PMII Sumenep Pertanyakan SP3 Lahan SMA Batuan

7-foto A sulSumenep, Bhirawa
Sedikitnya 50 aktivis mahasiswa yang tergabung dalam Pergerakan Mahasiswa Islam Indonesia (PMII) cabang Sumenep melakukan aksi ke kantor Kejaksaan Negeri (Kejari) Sumenep. Mereka mempertanyakan dasar terbitnya Surat Penghentian Penyidikan Perkara (SP3) terkait kasus dugaan mark up harga dalam pengadaan pembebasan lahan SMA Batuan, Sumenep.
Selain berorasi secara bergantian, mereka juga membawa sangkar ayam dan tikus. Hal itu menandakan, mahasiswa sudah tidak percaya lagi kepada penegak hukum terutama Kejari, sebab mereka diduga telah bermain mata dengan berbagai pihak termasuk para koruptor yang merugikan negara.
Ketua Umum Cabang PMII Sumenep, Imam Syafi’i mempertanyakan terbitnya SP3 atas kasus dugaan mark up pengadaan pembebasan lahan SMA Batuan Sumenep, pasalnya sesuai informasi yang berkembang terbitnya SP3 itu berlandaskan hasil audit Badan Pengawasan Keuangan dan Pembangunan (BPKP), namun setelah aktivis PMII Sumenep mendatangi BPKP, ternyata BPKP tidak pernah melakukan audit.

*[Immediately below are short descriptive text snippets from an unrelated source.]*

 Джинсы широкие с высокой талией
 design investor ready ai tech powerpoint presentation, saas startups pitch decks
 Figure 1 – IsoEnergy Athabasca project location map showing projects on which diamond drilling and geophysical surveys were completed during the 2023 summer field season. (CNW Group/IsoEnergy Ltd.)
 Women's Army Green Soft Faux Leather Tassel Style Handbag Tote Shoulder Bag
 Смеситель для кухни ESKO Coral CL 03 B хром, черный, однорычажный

“Kami sudah datang ke BPKP, tidak pernah melakukan audit, justru terbitnya SP3 itu hanya berlandaskan pada hasil eskpose. Tapi kenapa Kejari mengatakan terbitnya SP3 itu mengacu pada hasil audit BPKP, jangan salahkan kami jika menganggap salah SP3 ini cacat hukum,” kata Imam Syafi’i, Selasa (02/09).

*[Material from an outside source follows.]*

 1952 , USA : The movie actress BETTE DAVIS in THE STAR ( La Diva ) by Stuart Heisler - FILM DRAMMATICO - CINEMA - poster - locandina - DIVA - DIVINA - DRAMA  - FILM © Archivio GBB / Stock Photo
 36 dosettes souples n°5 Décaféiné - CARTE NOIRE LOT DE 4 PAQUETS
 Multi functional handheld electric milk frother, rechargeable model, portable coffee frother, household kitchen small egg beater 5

Pihaknya juga menuntut, Kejari melakukan klarifikasi atas terbitnya SP3 itu bukan berdasarkan hasil audit BPKP, melainkan hasil ekspose. Jika dalam 1 minggu kedepan Kajari Sumenep tidak melakukan klarifikasi, pihaknya mengancam akan melaporkan kasus ini ke Kejati dan Kejagung atas dugaan Kajari bermain-main dalam kasus.

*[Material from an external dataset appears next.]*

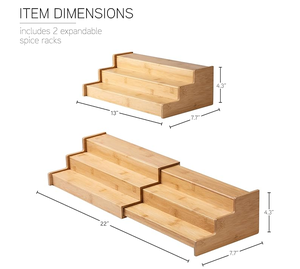 Étagère à épices extensible à deux niveaux en bois, type debout, organisateur de tiroirs à épices pour le <span class=keywords><strong>rangement</strong></span> dans les armoires de cuisine - Product Image 2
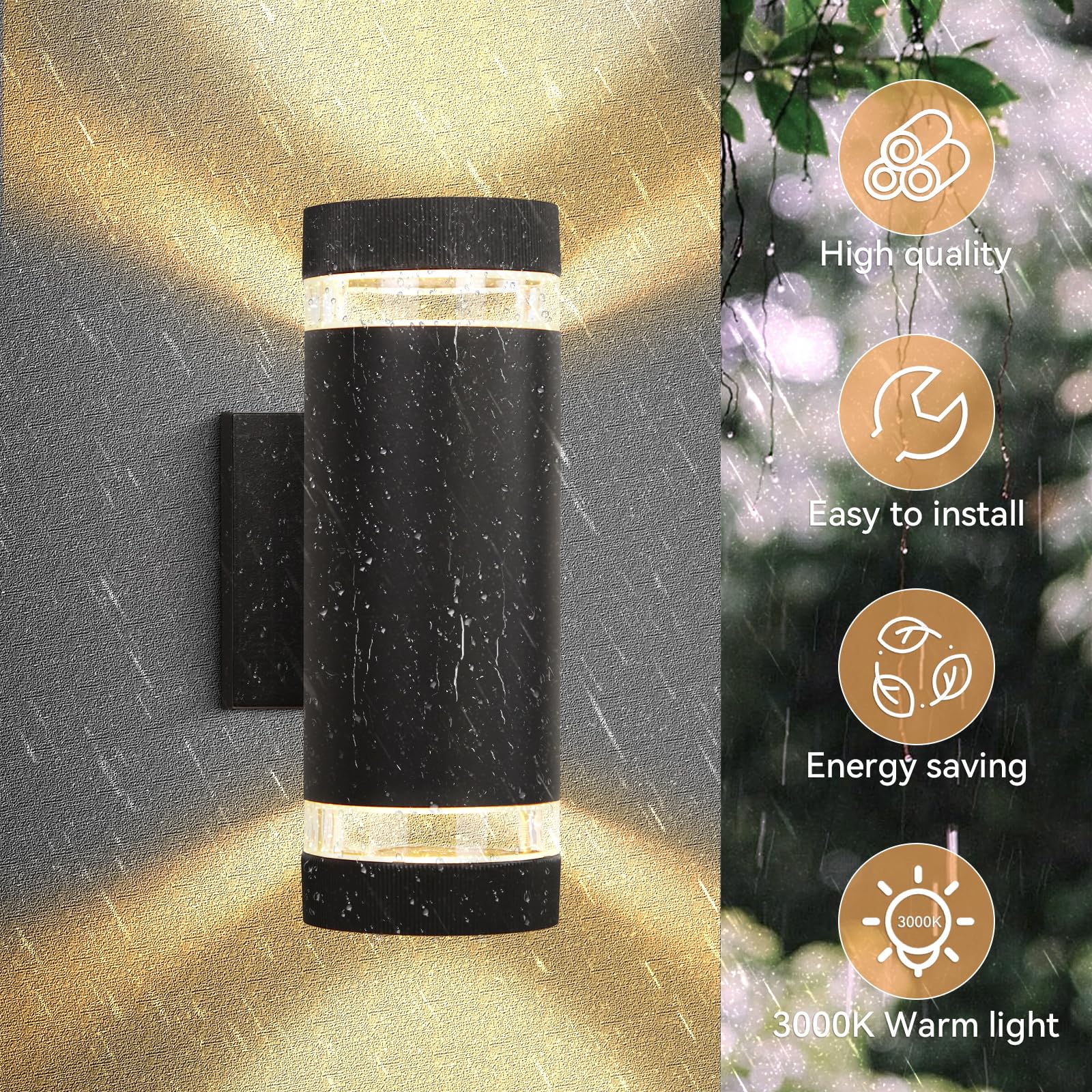 CANMEIJA Outdoor Wall Lights Up Down Outside Lights Mains Powered IP65 Waterproof Round Black Outdoor Wall Lights 3000K GU 10 Suitable for Indoors Outdoors - Image 2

“Kami minta kepada Kajari untuk mengklarifikasi dalam jangka 1 minggu kedepan, jika tidak, kami akan melaporkan Kajari ke Kejati dan Kejagung dalam dugaan Kajari bermain-main dalam penyelesaian kasus,” ungkapnya.
Sementara itu, Kepala Kejaksaan Negeri Sumenep, Roch Adi Wibowo mengakui jika terbitnya SP3 itu memang hasil ekspose dengan BPKP kerugian negara tidak bisa dibuktikan, alasannya karena karena ada tim apraisal dari kantor Jasa Penilai Publik (KJPP) Emmanoel Joni Surabaya yang didatangkan oleh panitia pengadaan pembebasan lahan. “Itu lembaga kredible untuk melakukan penilain. Yang mendatangkan bukan kami ya, panitia, tapi kami sudah memeriksa semua pihak terkait,” ungkapnya.
Dia juga menegaskan, terbitnya SP3 ini bukan berarti kasus ini sudah berahir, tapi jika memang ada bukti pendukung baru, kasus dugaan penyimpangan pengadaan lahan SMA Batuan ini masih bisa dilanjutkan. “Kalau memang ada bukti lai, kasus ini masih bisa dibuka kembali. Jadi, terbitnya SP3 ini bukan akhir dari penyelesaian kasus ini,” tegasnya.
Sebelumnya, diduga terjadi ‘mark up’ harga dalam pengadaan pembebasan lahan SMA Batuan yang menelan anggaran sebesar Rp 1,7 milyar, dengan rincian harga tanah per meter Rp 175 ribu. Padahal NJOP (nilai jual objek pajak) di Batuan hanya Rp 50 ribu per meter. [sul]

Keterangan Foto: Mahasiswa yang tergabung dalam Pergerakan Mahasiswa Islam Indonesia (PMII) cabang Sumenep saat melakukan aksi ke kantor Kejaksaan Negeri (Kejari) Sumenep.